CONCLUSION GÉNÉRALE
Comparés aux pays du Sahel, qui subissent de plein fouet le choc du djihadisme, ceux du golfe de Guinée constituent pour le moment en Afrique de l'Ouest un pôle de stabilité et de développement économique, autour de la « locomotive » que constitue le Nigeria et, dans une moindre mesure, la Côte d'Ivoire. Abritant une population jeune et dynamique, disposant de ressources naturelles importantes, notamment les ressources halieutiques et énergétique du golfe, s'efforçant de renforcer son intégration économique et politique à travers la CEDEAO, cette région est cependant doublement menacée . Du côté de l'Océan atlantique , la piraterie mais surtout le pillage des ressources halieutiques et un trafic de drogue en pleine expansion, risquent de priver les populations les plus démunies de leurs moyens de subsistance et de rendre la lutte contre la corruption encore plus ardue. Du côté de l'intérieur de la région , la progression du djihadisme constitue désormais une préoccupation essentielle pour l'ensemble des pays, qui regardent avec inquiétude les effets du terrorisme dans les pays du Sahel.
La France coopère déjà de longue date avec les pays de la région pour les aider à faire face à ces menaces : la piraterie et les activités marines illégales à travers l'opération Corymbe , le djihadisme par le biais, notamment, de formations dispensées aux armées locales. Elle y déploie aussi de nombreux projets d'aide au développement et de coopération culturelle. Cependant, la fin de l'opération Barkhane , et de la focalisation sur les pays du Sahel qui en découlait, doit permettre d'aller plus loin et d'investir à nouveaux frais dans les relations avec les pays du golfe de Guinée, en tenant compte des échecs rencontrés au Mali ou au Burkina Faso. En particulier, la prise de conscience précoce de la menace djihadiste par les États de la région permet de prendre le problème plus en amont et de déployer un ensemble de réponses : projets de développement dans les zones les moins prises en charge par les services publics, aide au financement de certaines installations sécuritaires, renouvellement de la coopération militaire à travers des offres d'équipements et d'appui en matière de renseignement. Les forces prépositionnées et leurs bases dans la région ont un rôle à jouer dans ce renouvellement de la coopération et devront donc perdurer, quitte à adapter leur organisation aux nouveaux défis. De même, la lutte contre la pêche illégale et le trafic de drogue peut d'autant plus faire l'objet d'un effort renouvelé, notamment à travers Corymbe , que la piraterie a beaucoup diminué récemment, libérant ainsi des marges de manoeuvre.

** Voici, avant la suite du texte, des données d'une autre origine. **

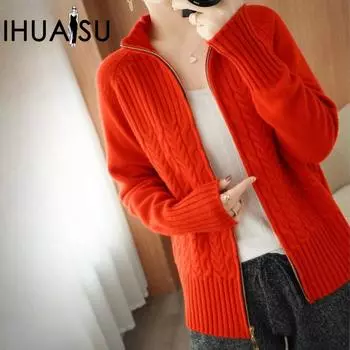 IHUASU Весенний кардиган женский на молнии свободный универсальный повседневный модный витой цветок воротник-стойка джемпер пальто S розовый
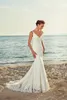 2020 Eddy K Beach sjöjungfru bröllopsklänningar v Neck Vit Satin Bröllop Bröllopklänningar Abiti da Sposa Lace Appliqued Backless Wedding Dress Plus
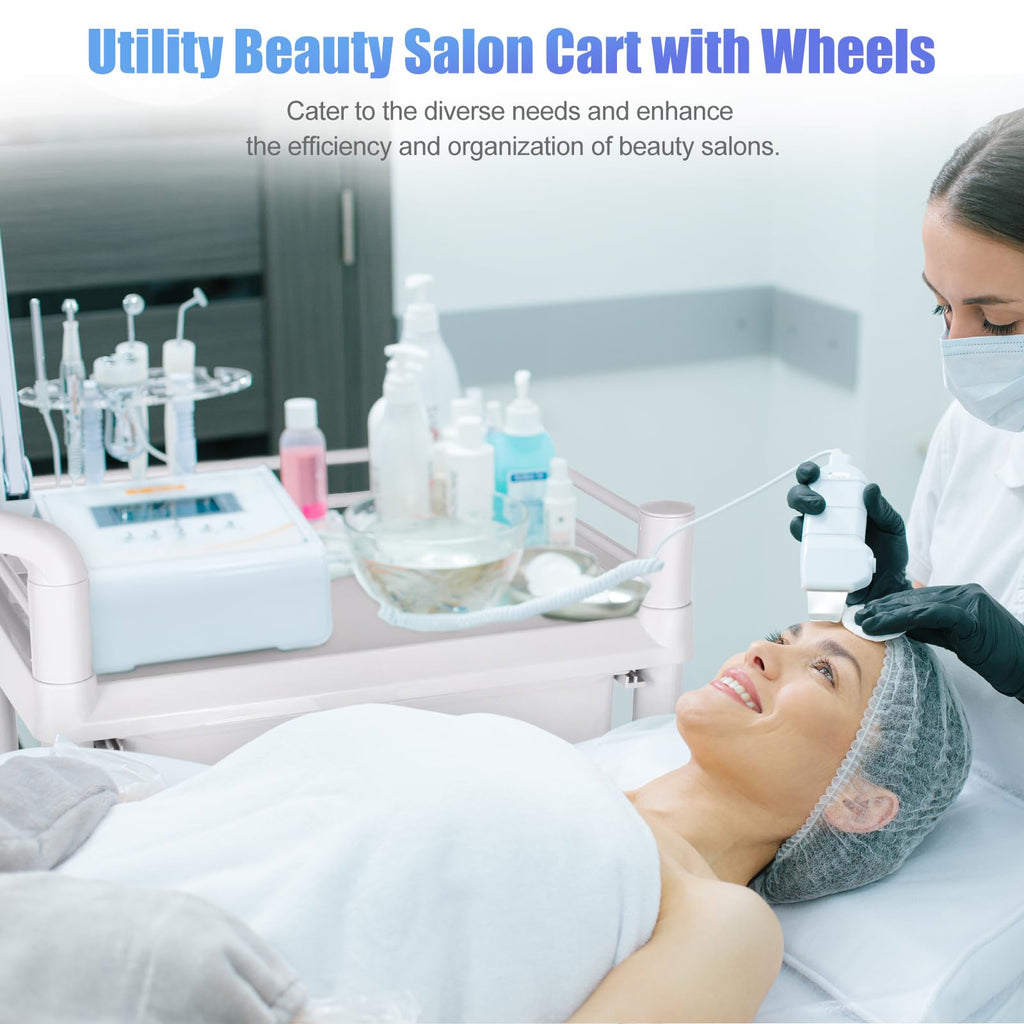 Mobile Medical Trolley Cart Portable 3-Tier Professional Cart 220 Lbs Load Utility Carts for Ultrasound Scanner Esthetician Carts with Drawer Lockable Rolling Wheels for Hospital Dental Clinic Home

Plus largement, le golfe de Guinée peut constituer le « laboratoire » d'une nouvelle relation de la France avec les pays africains. Dans cette région où les compétiteurs stratégiques sont nombreux, notre pays doit certes s'efforcer de ne pas « subir » sans réagir les offensives d'influence de la Russie, de la Chine ou de la Turquie, en développant, elle aussi, un usage actif et dynamique des nouveaux moyens de communication et des réseaux sociaux. Cependant, plus globalement, elle doit s'efforcer de construire un nouveau « discours » et, à travers l'ensemble des membres de l' « équipe France » mais aussi des acteurs privés qu'elle saura mobiliser, déployer des offres de partenariat et de coopération aussi attractives que celles de ses concurrents. Il s'agit ainsi de miser davantage sur l'avenir que sur un passé commun qui constitue parfois un atout, mais aussi, souvent, un frein à des relations plus riches et plus fécondes.